Thus, the following detailed description of the embodiments of the present invention, presented in the figures, is not intended to limit the scope of the invention, as claimed, but is merely representative of selected embodiments of the invention. All other embodiments, which can be derived by a person skilled in the art from the embodiments given herein without making any creative effort, shall fall within the protection scope of the present invention.

It should be noted that: like reference numbers and letters refer to like items in the following figures, and thus, once an item is defined in one figure, it need not be further defined and explained in subsequent figures.

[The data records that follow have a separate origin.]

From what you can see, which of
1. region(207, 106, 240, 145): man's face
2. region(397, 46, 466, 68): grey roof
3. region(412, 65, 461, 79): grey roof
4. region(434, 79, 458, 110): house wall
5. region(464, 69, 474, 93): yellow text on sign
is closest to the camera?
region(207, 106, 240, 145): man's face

In the description of the present invention, it should be noted that if the terms "upper", "lower", "inside", "outside", etc. indicate an orientation or a positional relationship based on that shown in the drawings or that the product of the present invention is used as it is, this is only for convenience of description and simplification of the description, and it does not indicate or imply that the device or the element referred to must have a specific orientation, be constructed in a specific orientation, and be operated, and thus should not be construed as limiting the present invention.

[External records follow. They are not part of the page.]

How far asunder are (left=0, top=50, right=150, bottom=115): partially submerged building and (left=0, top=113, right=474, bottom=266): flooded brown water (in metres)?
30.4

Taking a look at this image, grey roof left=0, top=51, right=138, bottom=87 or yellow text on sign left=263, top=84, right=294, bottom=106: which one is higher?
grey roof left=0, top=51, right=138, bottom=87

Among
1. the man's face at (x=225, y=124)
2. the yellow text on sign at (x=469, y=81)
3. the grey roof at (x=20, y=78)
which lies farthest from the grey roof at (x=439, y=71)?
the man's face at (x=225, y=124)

Furthermore, the appearances of the terms "first," "second," and the like, if any, are used solely to distinguish one from another and are not to be construed as indicating or implying relative importance.

It should be noted that the features of the embodiments of the present invention may be combined with each other without conflict.

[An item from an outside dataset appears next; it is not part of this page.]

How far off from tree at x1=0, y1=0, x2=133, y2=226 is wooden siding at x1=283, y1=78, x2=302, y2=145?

In the existing linear power supply noise test scheme, because the noise of a linear power supply is very small, generally only 1uVrms and about 6uV peak-to-peak value, and the minimum range of a common test instrument (such as an oscilloscope) is generally 1mV and much larger than 6uV, the noise of the linear power supply cannot be directly tested, a high-end frequency spectrograph with very small bottom noise needs to be used for testing, and the equipment is very expensive and difficult to obtain, and cannot meet the daily test use of research and development personnel.

Based on this, the embodiment of the invention provides a linear power supply noise testing device, a system and a method, which design a simple linear power supply noise testing device, and utilize a power amplification module and a filtering module in the linear power supply noise testing device to amplify and filter a noise signal, so that the noise signal meets the minimum range requirement of a testing instrument, and irrelevant noise is shielded, thereby realizing accurate measurement of linear power supply noise. The whole testing device is low in cost, convenient to use and simple to operate, and can meet the requirement of daily testing of research and development personnel.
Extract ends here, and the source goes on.